Fine-tuning TrOCR to do digit recognition in another language

hadamard-2 · May 21, 2024, 5:55pm

I’m a beginner so I’m sorry if I’m making any wrong assumptions.

If I was building my own model, I would have all the control over the dimensions of the images I use to train my model. But since I’m fine-tuning a pre-trained model, I think there might be constraints when it comes image dimensions and some other aspects. If so, what are these restrictions/constraints I need to be aware of before generating my synthetic dataset?

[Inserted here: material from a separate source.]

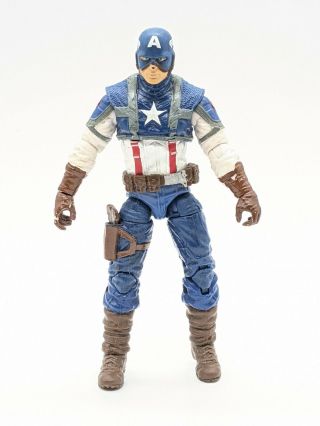 Marvel Captain America The First Avenger Movie Series 3.  75 Action Figure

Are there TrOCR model components (encoder, decoder, …) or other components like tokenizers that I have to find replacements for, in order to be able to work on my specific problem of Ge’ez digit recognition?
The pretrained model (one of the ones trained with English text), I think, has some notion of what each digit looks like. Won’t it create a confusion & cause it to perform terribly when I try to fine-tune it with glyphs from another language?
All the TrOCR examples (specifically the ones @nielsr created) I’ve seen are done on single-line text images. But there’s no reason for it to not work on single digit images, right? (eg. Afro-MNIST dataset)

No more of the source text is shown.